═══ THE DATA ═══

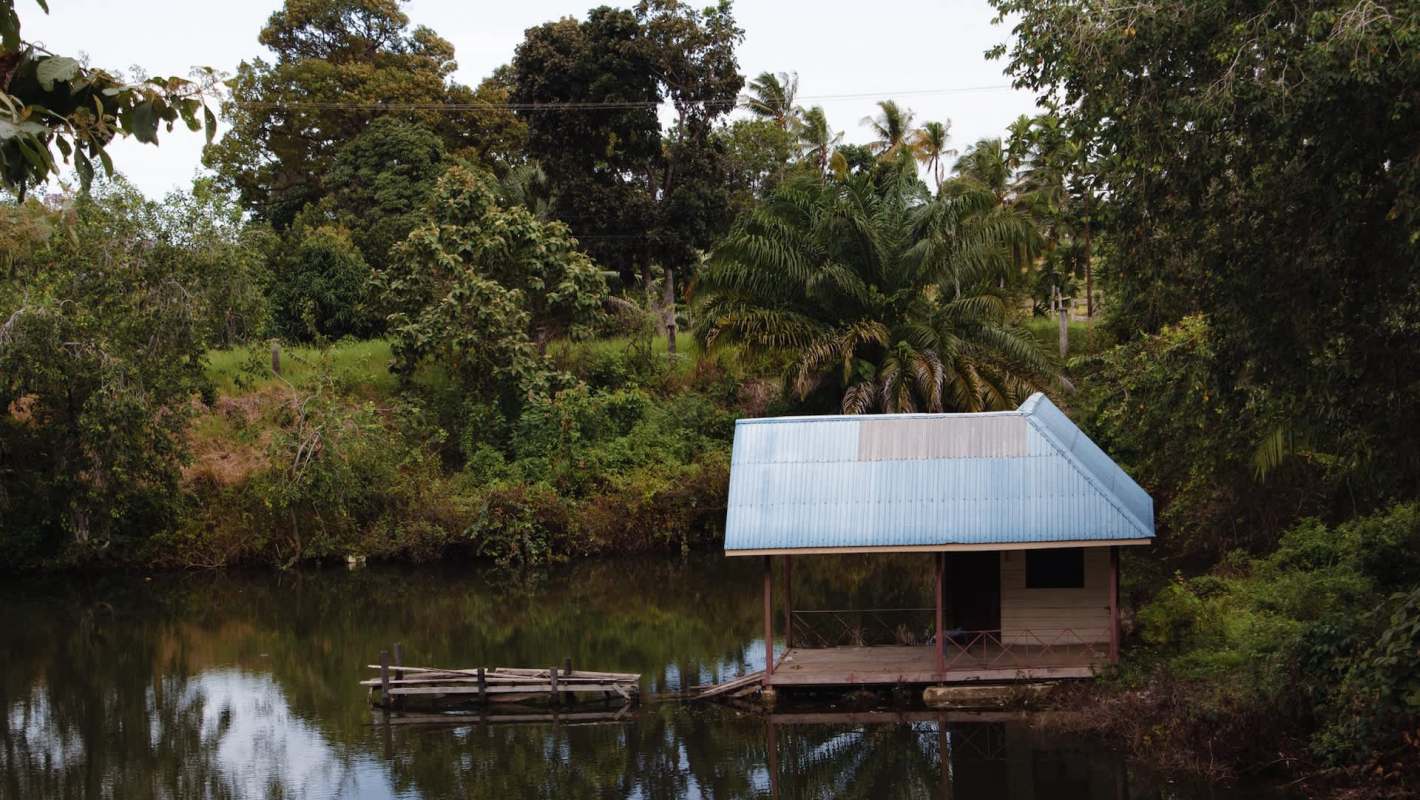 A joint task force cracked down on illegal palm oil plantations in Indonesia after farmers expressed fears the plantations would degrade forest ecosystems.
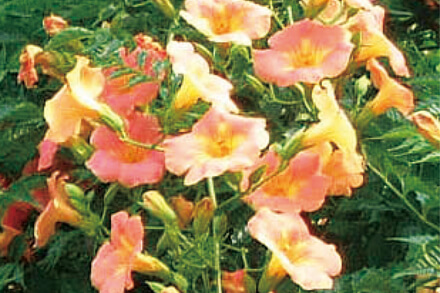 ノウゼンカズラ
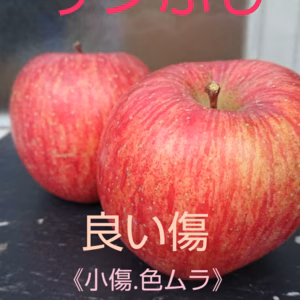 岩手県産　サンふじ　訳あり
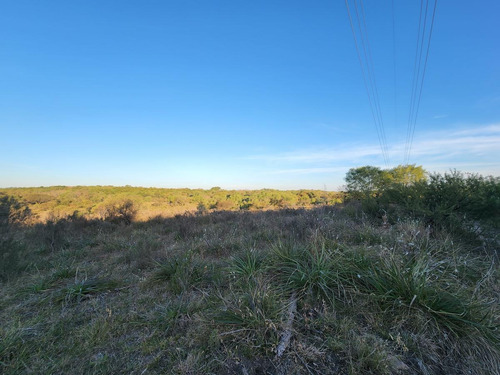 Imagen 3 de 3 de Campo - Parana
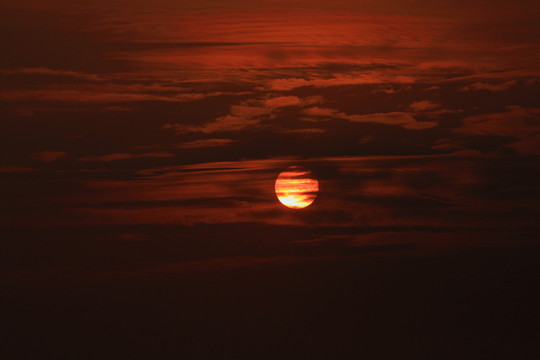 蘇州 太湖西山 濕地公園 戶外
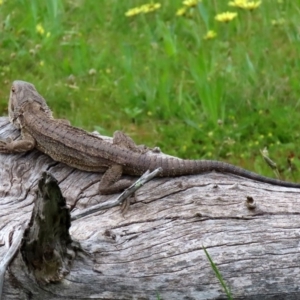 Pogona barbata at Paddys River, ACT - 27 Sep 2020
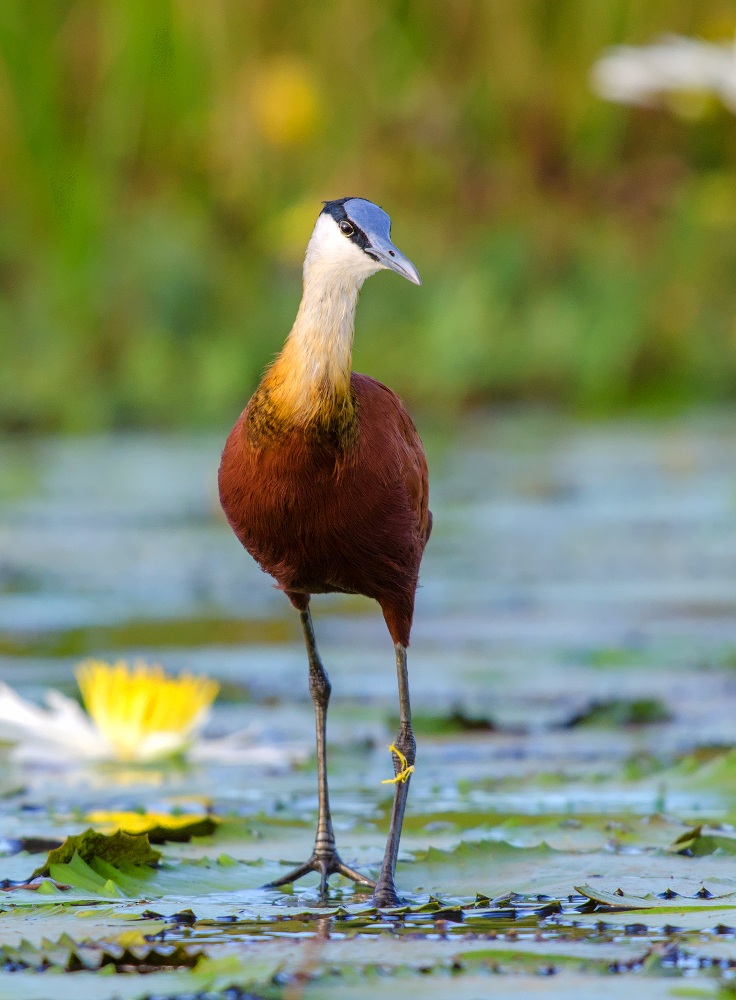 african jacana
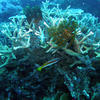 Picture taken during the dive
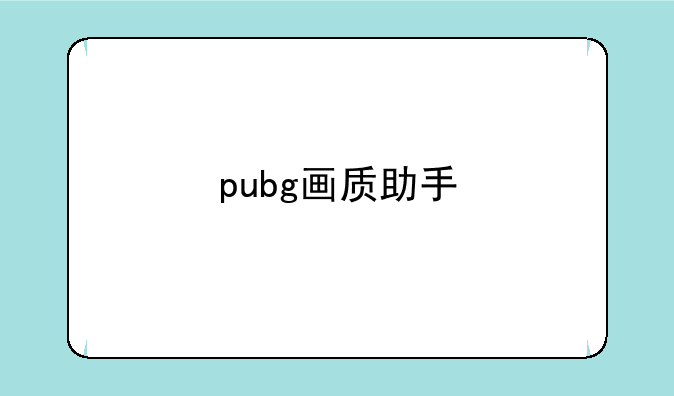 pubg画质助手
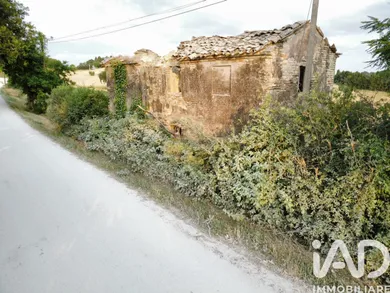Rustico in Filottrano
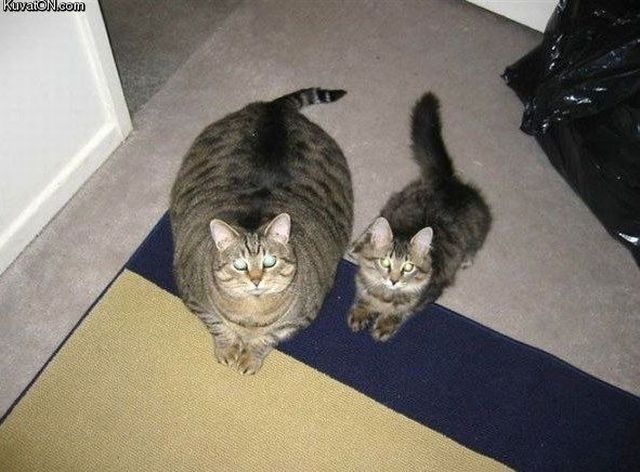 Daily picdump (128 pics)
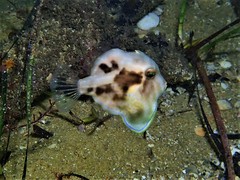 Brachaluteres jacksonianus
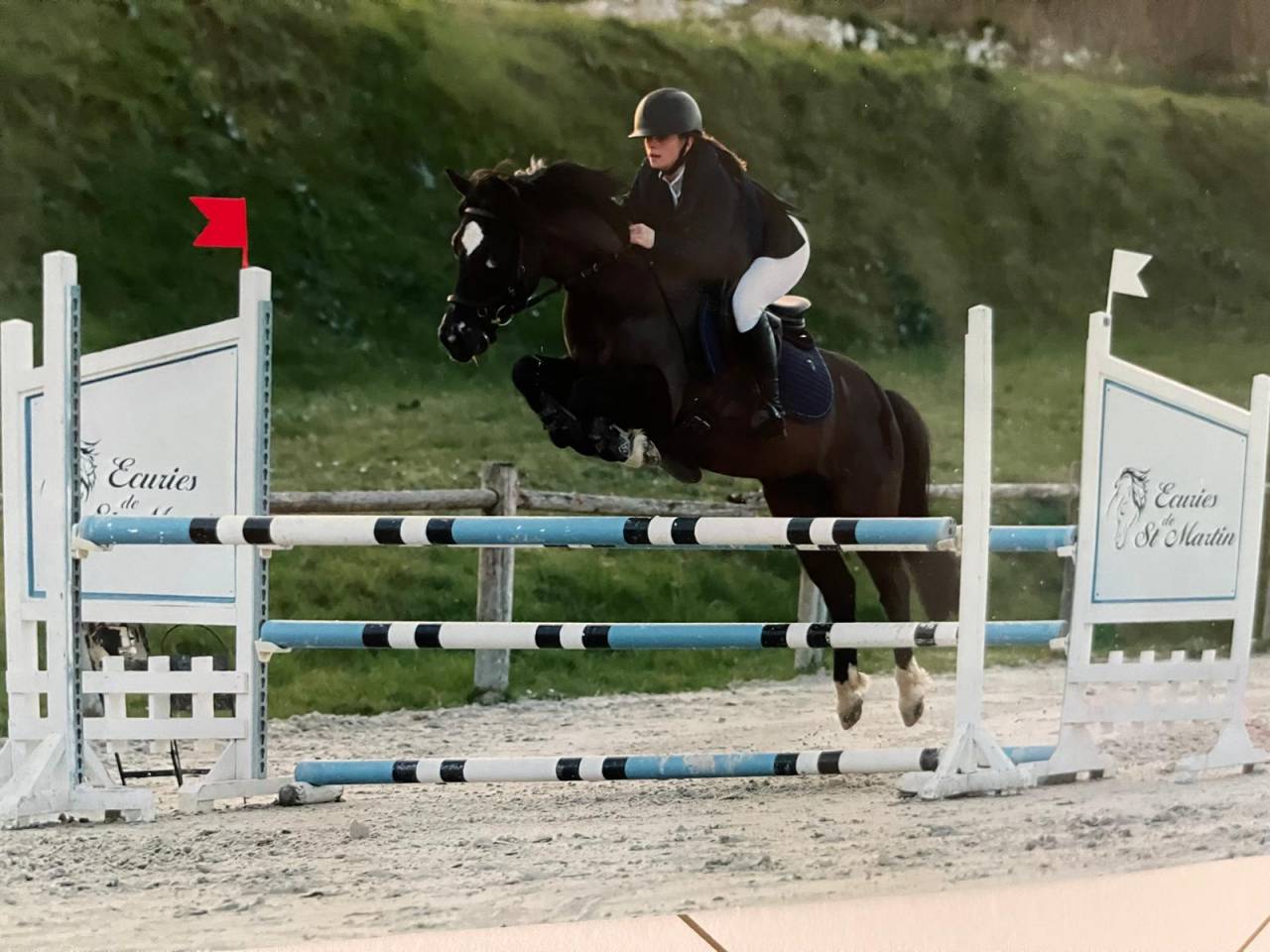 Gelding French Saddle Pony For sale 2015 Black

═══

• _EXERCISE_
Every line from the one with "Pogona barbata at" through the end of the records is to be reproduced exactly, and the pictures are to be left out.

• _PROBLEM SOLUTION_
 Pogona barbata at Paddys River, ACT - 27 Sep 2020
 african jacana
 Picture taken during the dive
 pubg画质助手
Rustico in Filottrano
 Daily picdump (128 pics)
 Brachaluteres jacksonianus
 Gelding French Saddle Pony For sale 2015 Black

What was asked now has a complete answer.